Die Alternative, eine Kabine zu teilen, ist keine. Also spazieren wir gemeinsam – fröhlich plaudernd – zurück zum Empfang, der sich in der prächtigen Lobby befindet, die im Glamourstil der 50er-Jahre erstrahlt. Letztlich wird noch eine freie Kabine für mich gefunden. Diese jedoch ohne Whirlpoolwanne. Aber nun gut, der Herr hat sich ja schon häuslich eingerichtet. Und wenn er gerne mit seinen ein Meter neunzig gekrümmt in der Badewanne hockt, soll er doch, denk ich mir. Ich werde den begehbaren Kleiderschrank, der sozusagen Ersatz für die Wanne ist, viel eher nutzen. Zur Verabschiedung ein kurzes Lächeln. Das Wünschen einer guten Reise. Das war es … Gab ja auch keinen Grund, noch mehr Worte zu verlieren, oder?

Iranischer Kaviar? Austern? Es mangelt an nichts …

Wir sind also zwei der 516 Passagiere, die an Bord Platz finden. Hinzu kommen 370 Crewmitglieder. Allesamt charmante Menschen, die immer fröhlich und stets heiter den Gast umsorgen. Und für das leibliche Wohl wird auf Sterneniveau gesorgt. Sieben Restaurants verteilen sich auf der MS Europa 2 auf elf Decks. Das schönste Schiff der Welt will seine Gäste mästen, und zwar liebevoll mit Luxusprodukten. Iranischer Kaviar gefällig? Eine Auster? Etwas geriebenen schwarzen Trüffel auf die Spaghetti? Sagen wir so: Es mangelt niemanden an nichts.

Der Passagier muss sich nicht an die Europa 2 gewöhnen, er muss sich anschließend hart entwöhnen.

Luxusentzugserscheinungen. Alles ist griffbereit, jeder Wunsch servierbereit.

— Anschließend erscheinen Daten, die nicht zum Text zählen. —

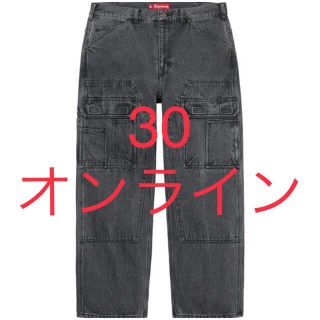 シュプリーム(Supreme)のSupreme Double Knee Denim Utility Pant(デニム/ジーンズ)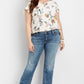 Silver Jeans Co. Women's Trendy Plus Size Suki Curvy-Fi Indigo Size  20
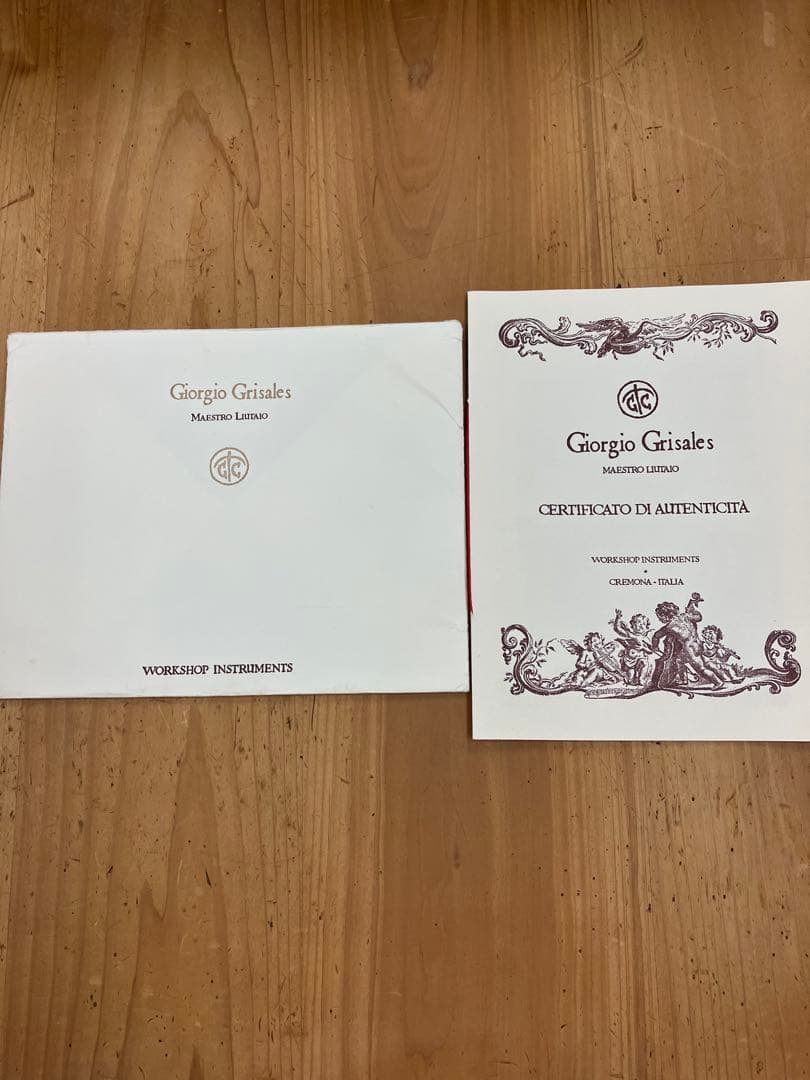 バイオリン4/4 Lucio Grandiイタリア クレモナ　らっちゃんさん専用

Es scheint, als verfüge das Schiff über eine Art Schlaraffenlandmaschine im Schiffsbauch, welche nonstop Köstlichkeiten produziert und zudem auch auf den unendlichen Weiten der Weltmeere knackig rote und reife Himbeeren ausspuckt.

Apropos Essen. Beim Dinner im Restaurant Serenissima sitzt er mir dann gegenüber. Der blonde Schopf. So ein Zufall. Der mundgeblasene Muranoleuchter kaschiert mit seinem Schummerlicht gekonnt meinen leicht erröteten Kopf. Kann das sein? Das sind ja Reaktionen wie bei einem Teenager. Also zwinge ich mich, beim Hauptgang angestrengt aufrecht zu sitzen. Mich groß zu machen. Intellektuelle Sätze zu verfassen, soweit das möglich ist mit meinem praktizierten Ruhrpottdeutsch. Ich fokussiere mich auf die Mahlzeit. Wirklich köstlich. Dazu ein Fläschchen Rioja. Einer aus dem mit 450 verschiedenen Weinen gefüllten Regal. Eventuell mal lächeln. Kopf aus. Mund auf.

Hapag-Lloyd Kreuzfahrten

Auf dem Rückweg vom Restaurant Richtung Kabine, um mich für die Poolparty umzuziehen, kreisen meine Gedanken. Dass ich mir nicht mit der flachen Hand vor die Stirn schlage, ist dem prominenten Mitläufer über die mit moderner Kunst behangenen Gänge zu verdanken. Annette Frier kommt mir mit ihren Zwillingen entgegen. Warum diese Zweifel, fragen Sie sich jetzt? Ich finde, dass ich durchweg dummes Zeug geredet habe. Mich definitiv nicht von meiner besten Seite zeigte. Beste Seite? Gibt es die überhaupt? Ein Gang der Zweifel.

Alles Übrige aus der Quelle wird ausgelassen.